José Mattoso foi sempre o meu historiador de eleição. O seu percurso de vida como investigador e homem de Cultura, a sua devoção a várias causas (entre as quais, a monástica) mais o seu rigor de análise histórica e científica, as suas observações sobre Deus e a vida dos homens despertaram em mim não só curiosidade e atenção, como estudo, investigação e pistas de reflexão. Além da História de Vitorino Magalhães Godinho, recorro com frequência à notável História de Portugal, concebida em oito volumes e dirigida por José Mattoso (Círculo de Leitores, 1992). Não admira, pois, que tenha saboreado com gosto e prazer a última entrevista dada pelo antigo monge beneditino à revista Ler. Ora oiçam como abriu a sua alma a Deus e aos homens.
Esteve em Timor com a ideia de identificar um país e ajudar ao "Nascimento de uma Nação". Saiu como entrou: em silêncio, embora desiludido e com críticas aos políticos e ao clero timorense. Depois de ter abandonado a vida de monge, a sua divisa continua a ser "Ora e labora" mas, longe dos rituais da Ordem de S. Bento. Agora, numa aldeia perdida do distrito de Aveiro, José Mattoso, historiador, autor de uma vasta e singular obra historiográfica, encontrou o silêncio que precisava para continuar a investigar e escrever obras fundamentais da geografia humana, cujo exemplo mais concludente foi a recente reedição de "Portugal/O Sabor da Terra". Como o isolamento pode ser um meio de atingir a felicidade - "Posso estar sozinho no meio da multidão"-, diz Mattoso, o autor da "História de Portugal" dá-nos a sua visão sobre Deus e os homens, opina sobre "Caim", o último romance do Nobel da Literatura e não hesita em dizer que Saramago "descarrilou um bocadinho".

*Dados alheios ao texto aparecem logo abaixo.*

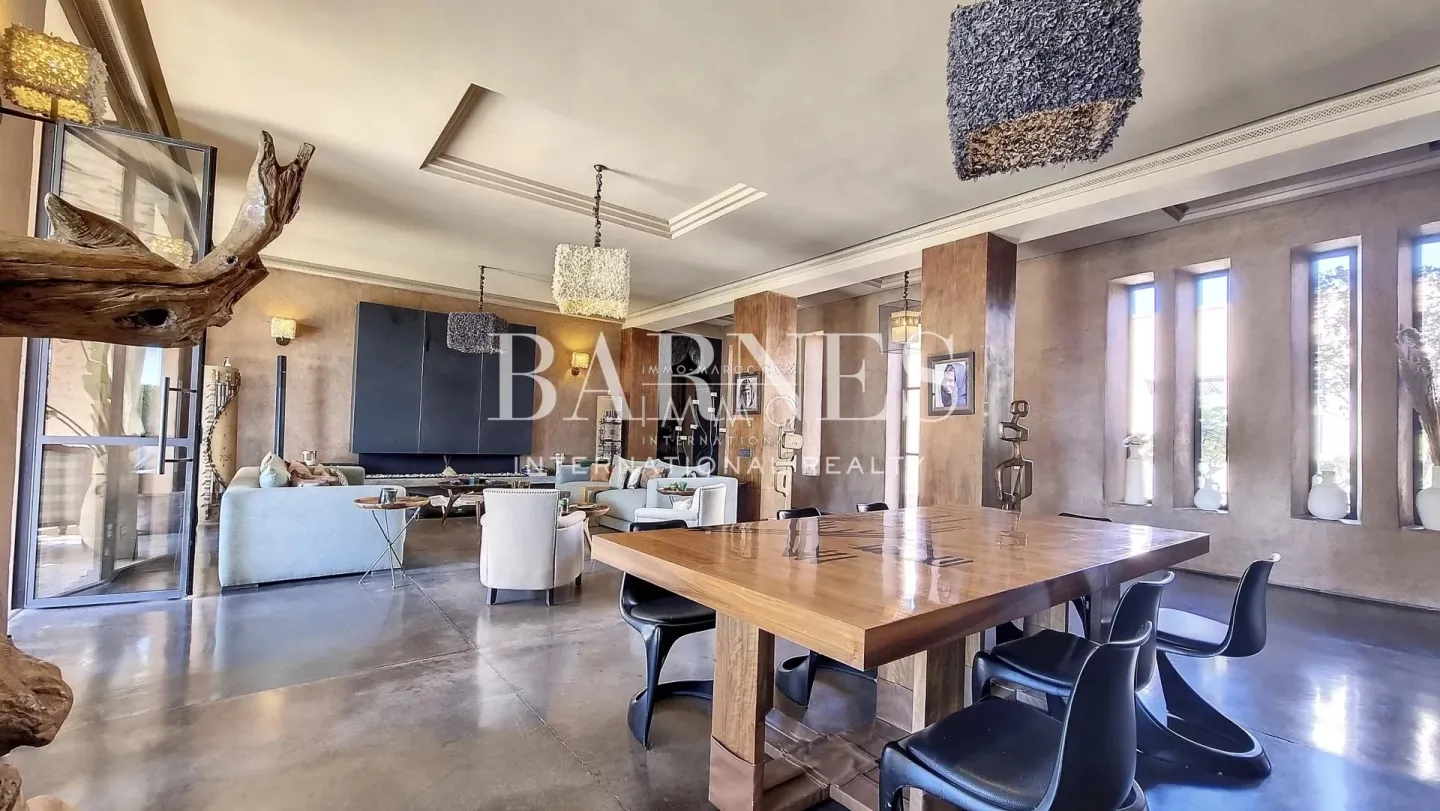 Superb villa of contemporary style that combines chic and warm spirit of the beautiful family houses and moroccan architectural traditions in palm grove circuit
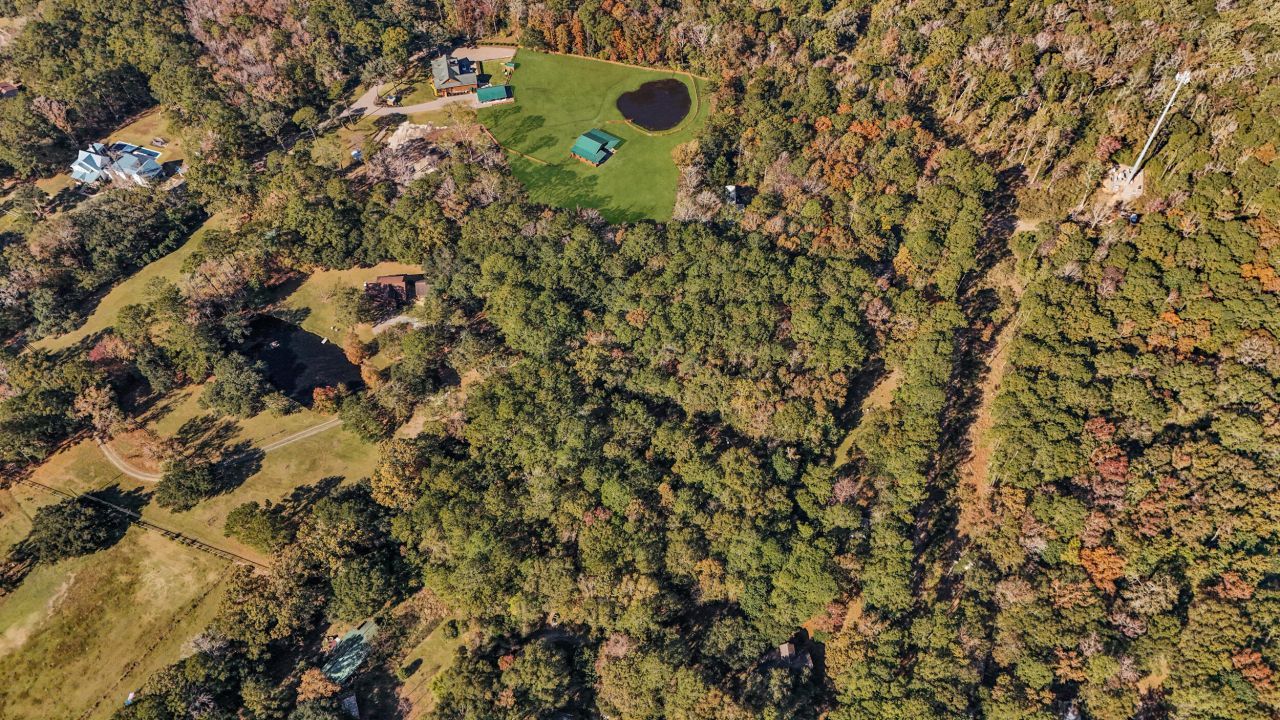 4910 Highway 162 Photo 6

Há mais pontos de vista a reter na longa entrevista dada pelo historiador e Prémio Pessoa à revista Ler (Setembro/2010). Mostra-se alheio ao programa das comemorações da República ("Faz-me um pouco de arrepio à pele ver aqueles republicanos façanhudos, com aquelas bigodaças") ; inquieta-se com a falta de rigor na Educação - " O que é preciso é ter uma estatística" - confessa, numa alusão ao "Programa Novas Oportunidades", uma das bandeiras de Sócrates; recorda o seu passado familiar vivido entre a Monarquia e a República; toma partido sobre a recente edição da "História de Portugal", de Rui Ramos, recebida por alguns dos seus pares (Fernando Rosas e Irene Pimentel) com acusações de branqueamento do Estado Novo, em contraponto com críticas à Primeira República. E diz o que o pensa sobre a matéria: "Em História não há objectividade absoluta. A História que eu escrevo é a minha História. O Herculano é o Herculano, não é a Idade Média, não é o passado português. Toda a História é uma História de autor", esclarece.

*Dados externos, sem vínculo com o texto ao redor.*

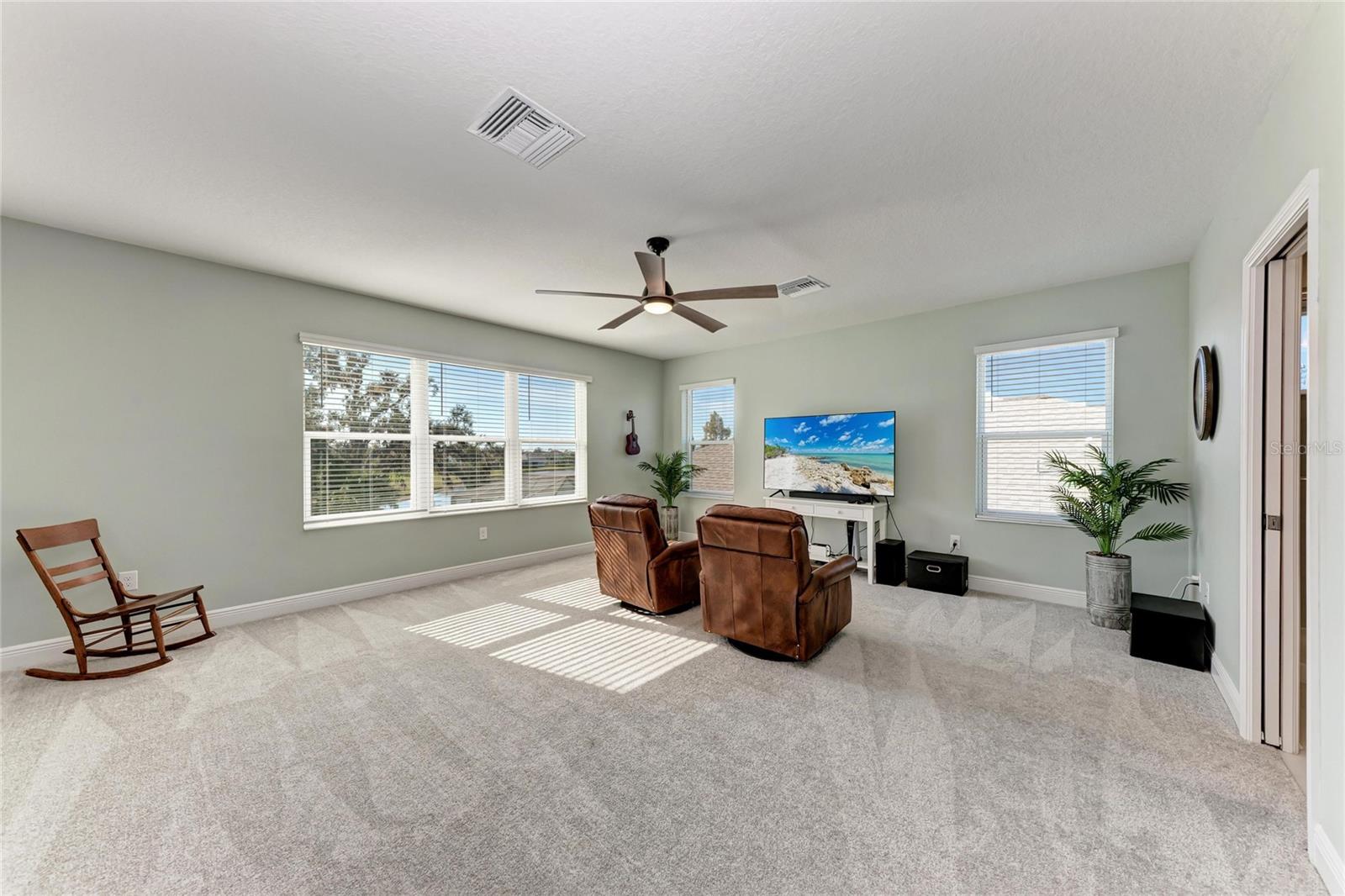 SILVERLEAF PH V - Residential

Na parte final da entrevista, o autor de "Identificação de um País", ou da imprescíndivel "História de Portugal" (oito volumes, uma obra imensa de consulta obrigatória) evita falar de Ratzinger, sobretudo, quando é questionado pelo facto do chefe da igreja de Roma ter adoptado o nome de Bento (fundador da Ordem Beneditina) ao ser eleito Papa e solta-se quando refere a sua integração na sociedade após ter deixado a vida monástica. "Gosto da vida que tenho tido. Nos anos 60, a Joan Baez cantava "Gracias a la vida, que me habla dando tanto". Isso traduz bem a minha atitude perante a vida. Realmente, tive um destino privilegiado em muita coisa".